"I have expressed some concerns, and I do not think I am alone in this, about continuing significant ... defense deals with Russia at a time when they have violated basic international law and the territorial integrity and sovereignty of their neighbors. So President Hollande understands my position," U.S. president Barack Obama said in June.
The carrier is under construction at the STX Le Chantiers de l'Atlantique shipyard in Saint-Nazaire, France.
The European Union is preparing to tighten sanctions against Russia in response to Russia's actions in Ukraine and the downing of Malaysia Airlines Flight 17 over eastern Ukraine. The $1.6 billion contract to build the carriers has therefore drawn widespread criticism.
British Prime Minister David Cameron said it was "unthinkable" that his country would proceed with an agreement under current circumstances. Lithuanian President Dalia Grybauskaite and Swedish Foreign Minister Carl Bildt have been similarly critical.
"I think we should have had an arms embargo quite some time ago. I do not think that is necessarily the answer. But of course to deliver arms to Russia in this situation is somewhat difficult to defend, to put it mildly," Bildt said Tuesday at a European Union meeting in Brussels.
The sale of the aircraft carriers is an example of the difficulties Europe faces in attempting to influence Russia by economic sanction.
What is propelling the resolution of the contract is money, said Pierre Tran, Paris correspondent of U.S. magazine Defense News.

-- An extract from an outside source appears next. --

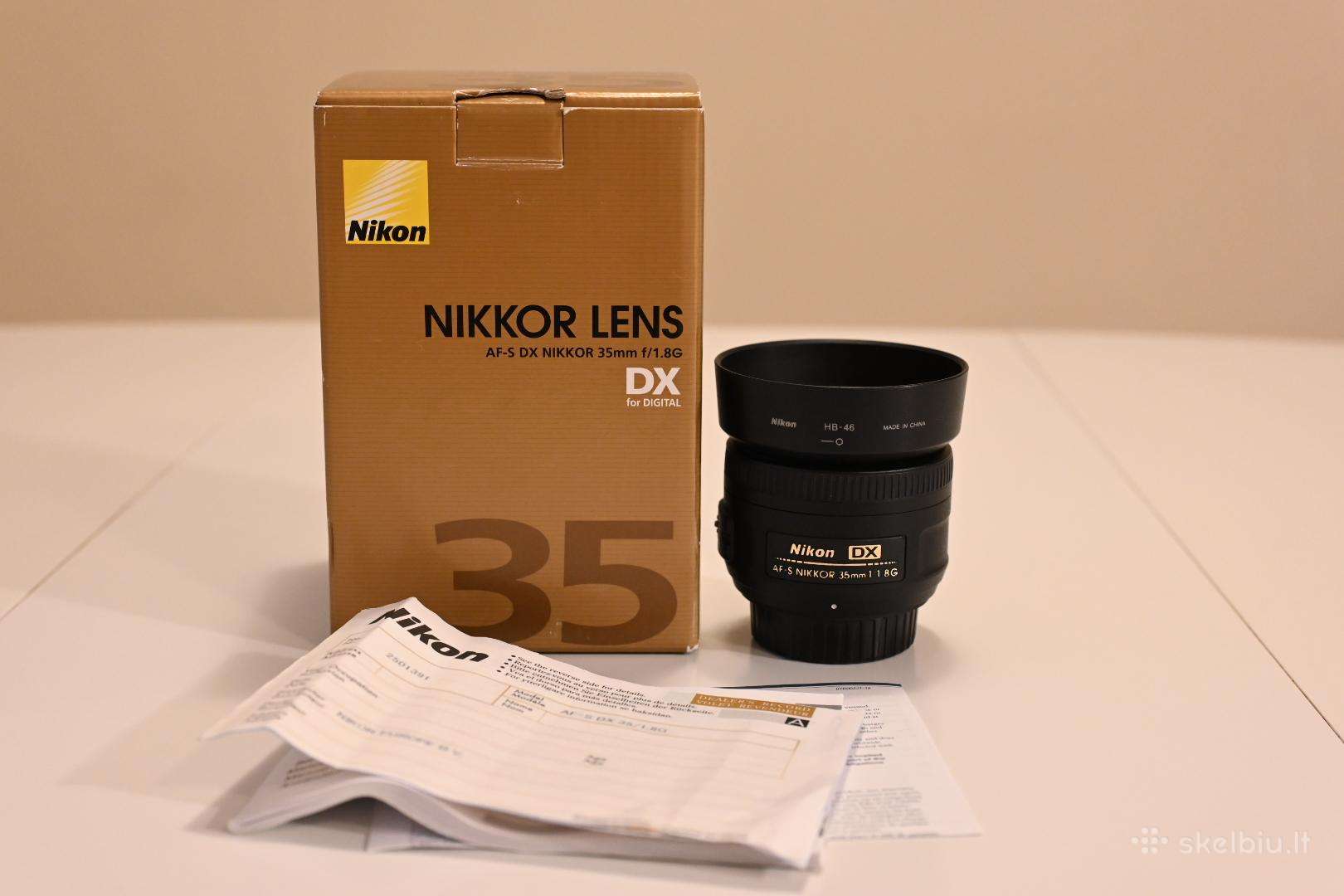 Nikon Nikkor Af-s 35mm F:1.8 Dx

"France has severe budget pressure. Domestic budget pressure. So to keep a strong defense industry, France needs to sell weapons abroad, (to) the world market. On the one hand, there is a contractual obligation to Russia, which is important in terms of keeping a place in the arms market, the world arms market. There is also, of course, a political decision on how to maintain relations with friends, allies and partners, allies like Poland, like Britain, like the U.S." Tran said.